1992 Conference Proceedings
Simulation of two-phase carbon-14 transport at Yucca Mountain, Nevada
M.D. White, M.D. Freshley, P.W. Eslinger
Pacific Northwest National Laboratory, Richland, Washington
In Proceedings of Solving Ground Water Problems with Models, Water Well Journal Publishing Company, Dublin, Ohio, 1992.
Abstract
In support of Pacific Northwest National Laboratory's (PNNL's) preliminary total system performance assessment of the proposed high-level nuclear-waste repository at Yucca Mountain, transport of carbon-14 (C14) in the unsaturated zone was numerically modeled with the Multiphase Subsurface Transport Simulator (MSTS). Total system performance assessments are being conducted to estimate potential cumulative releases and doses from radionuclides being transported through different pathways to the accessible environment from the proposed waste repository. Transport of radionuclides in the gaseous and liquid phases are pathways through which some of the inventory in the proposed repository could reach the accessible environment. Carbon-14 transport in the unsaturated zone at Yucca Mountain was estimated with MSTS by considering two-phase diffusion, advection, phase partitioning, and radioactive decay. Transport results were based on a two-dimensional physical and hydrogeological system that represented an east-west cross section through Yucca Mountain. MSTS solves the nonlinear, partial-differential, conservation equations for water mass, air mass, and thermal energy with an implicit (i.e., forward time-differenced), finite-difference solution scheme. The nonlinearities in the governing partial-differential equations and corresponding finite difference forms are converted to linear form by the Newton-Raphson iteration technique. To compute species transport, MSTS solves a dilute species concentration conservation equation, which assumes that the species may be modeled as a passive scalar with respect to the other governing conservation equations. Liquid- and gas-phase transport within the unsaturated zone were assumed to be driven by surface water recharge and radioactive decay heat generation within the proposed repository.

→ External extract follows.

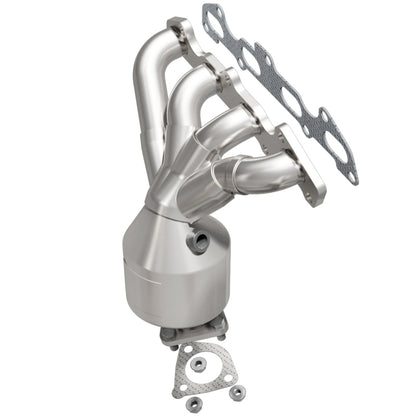 MagnaFlow Direct Fit Catalytic Converter 01-02 Kia Rio 1.5L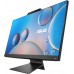 Комп'ютер персональний моноблок ASUS 90PT03M2-M00W70 M3702WFAK-BPE0290 27" FHD AG, AMD R5-7520U, 8GB, F256GB, UMA, WiFi, кл+м, Без ОС, чорний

Carbon-14 source rates from failed repository waste canisters were estimated from the source term modeling subtasks associated with PNL's total system performance assessment of the proposed Yucca Mountain repository. Simulation results include estimates of liquid, gas, heat and C14 transport within the unsaturated zone at Yucca Mountain. Predictions of C14 distributions surrounding the proposed nuclear waste repository within Yucca Mountain and a brief description of the thermal-hydrogeologic computer code MSTS are presented.